▶ _What is being asked_
An exact, complete printout of the listing is wanted, minus its images.

▶ _Supplied material_
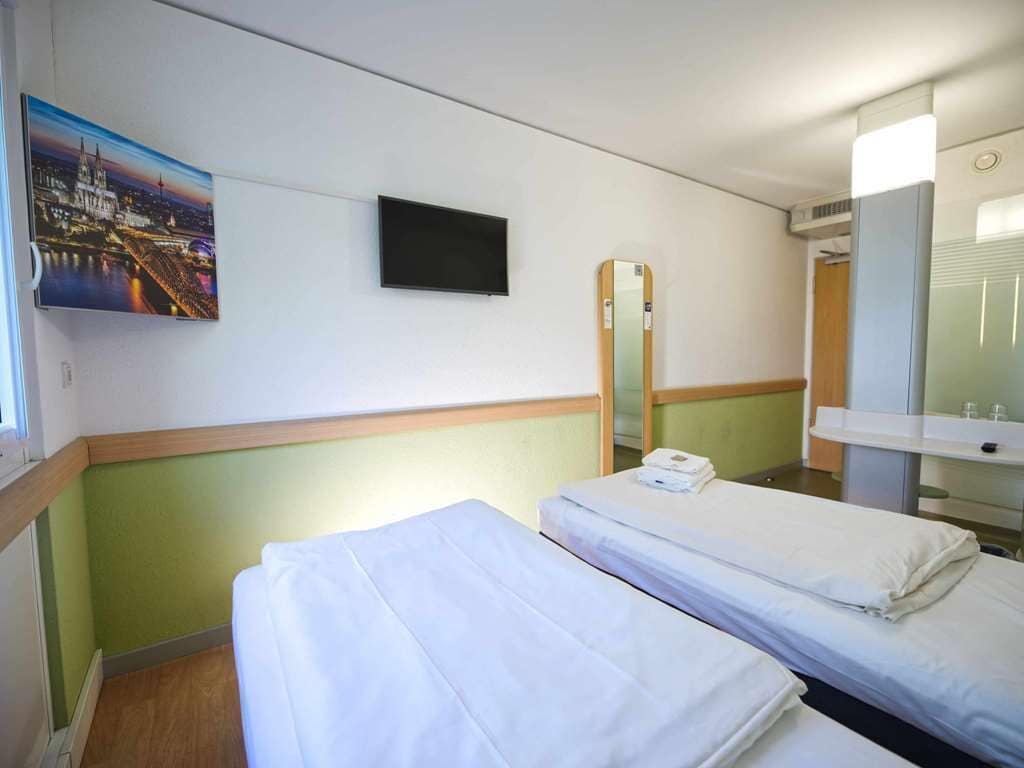 A hotel room with two beds, a television, a mirror, and a painting of a cityscape.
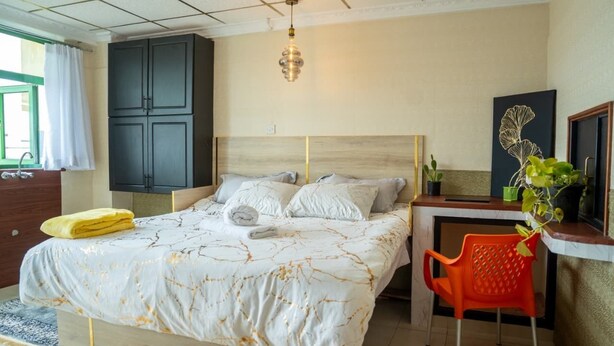 Un dormitorio con cama, escritorio, silla, armario y lámpara colgante.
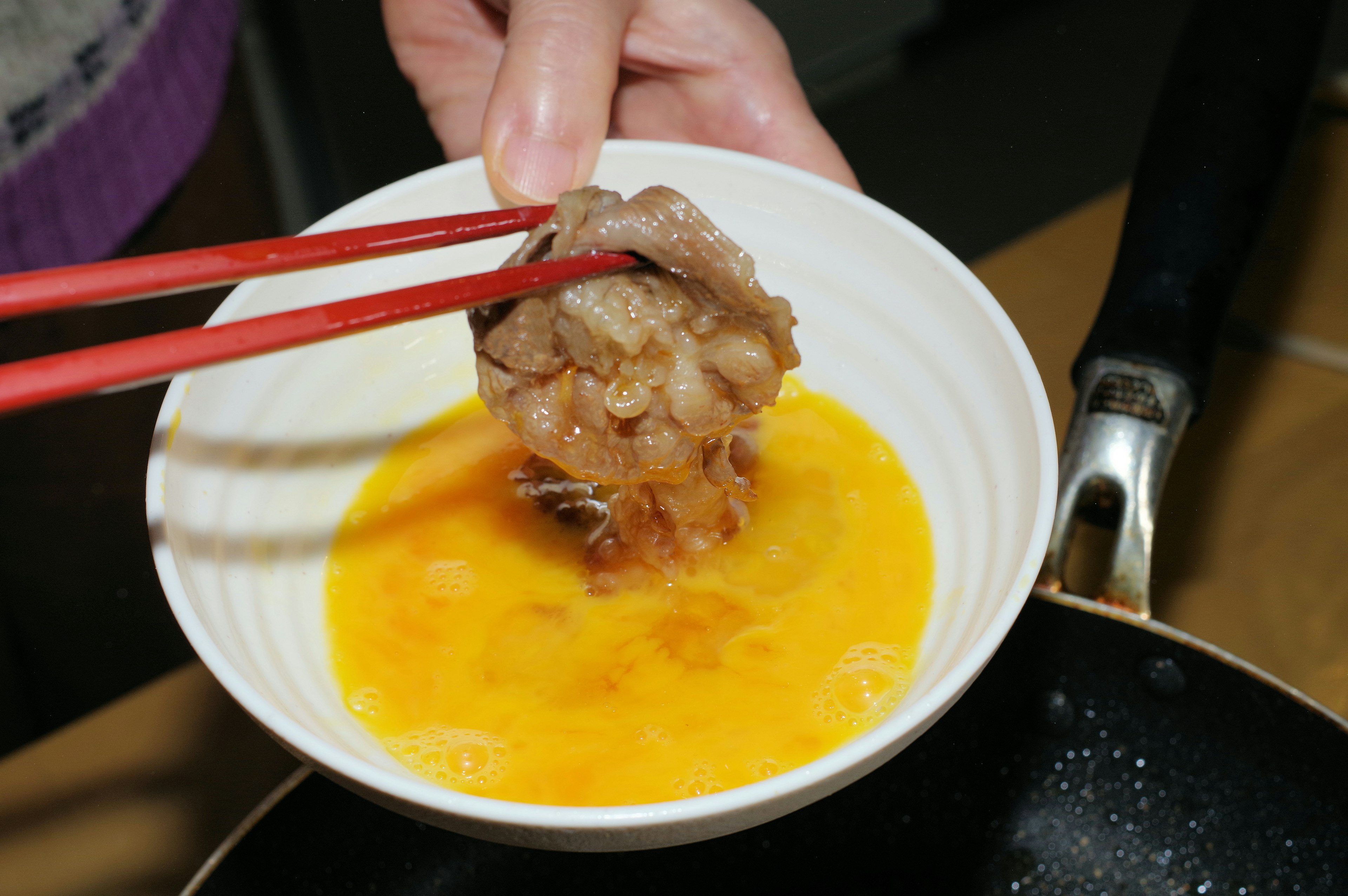 A hand using chopsticks to dip meat into a bowl of egg mixture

▶ _Answer area_
 A hotel room with two beds, a television, a mirror, and a painting of a cityscape.
 Un dormitorio con cama, escritorio, silla, armario y lámpara colgante.
 A hand using chopsticks to dip meat into a bowl of egg mixture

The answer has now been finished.